There's an allegation that the adoptive mother hit the boy once. A neighbor claims that the boy chose to live on the street rather than follow the rules laid down. After returning to Russia, he attempted to shoplift three cans of coffee and was arrested.

You can see a (brief) interview with him here.

It's a sad story, all around.
Interesting link, Green Irish Eyes.

I get the impression that he originally went to the US as part of one of those Host Family things (a bit like Sheena's Ukrainian program) and was then adopted. This article seems to give that impression:

http://en.beta.rian.ru/russia/201303...S-Streets.html

Quote:
The Salottis adopted Joshua and another Russian boy, Sam Salotti, after meeting them through their church five or six years ago, the relative said.
“They fell in love with them,” the relative said. “They felt like they had a calling. Something told them that they should help these kids.”
I doubt that he was suffering from RAD. In fact, part of his problem seems to be that he was bonded to his grandmother and sister but because one was too old and one was too young, he ended up in an orphanage (where I am assuming he was visited by said relatives) after his alcoholic father died (I am not sure of his relationship with his mother who seems to have died as well). Quite often, children who have loving relatives in their native country may not actually ever settle properly in their new country because they are missing their relatives in their old country. I think he considers Russia his home. In his situation, he might have been best to be fostered with a Russian family where he could have kept in contact with his grandmother and sister. This is not a situation for every Russian child of course but probably would have been the best one for him.

Interestingly, it sounds like Sam, the other child adopted, may have had problems with his mother too:

In Russia, teen complains of adoptive Montco parents - Philly.com

Quote:
Sam Salotti said his parents set strict rules but his brother refused to comply with them.

"It got to the point, my mom said, 'Get out of the house,' " said Sam Salotti, who spoke at the home of neighbors Barbara and Jack Ayling, where he said he has been staying for a few nights while his father is out of town.

The Aylings said they were happy to accommodate Sam Salotti, who is a regular guest in their house.
He said that he also has a difficult relationship with his mother, but that he tried to get along while his brother could not.

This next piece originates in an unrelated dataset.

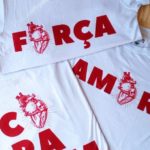 Estilo e expressividade: Sete camisetarias natalenses pra ficar de olho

His adoptive father gave Josh Salotti his passport, a plane ticket to Russia, and $500, and Josh returned in late December, Sam Salotti and the Aylings said.

Sam Salotti said he spoke Tuesday to the Russian TV editor, who invited him to appear on the show with his brother and offered to reunite him with his own birth relatives.

"I don't care. I'll do any stupid show" to be able to see his mother and birth relatives again, he said.
But if they want to fly him to Moscow, he said, it has to be a round-trip ticket. He is about to graduate from Methacton High School, and he doesn't want to miss that.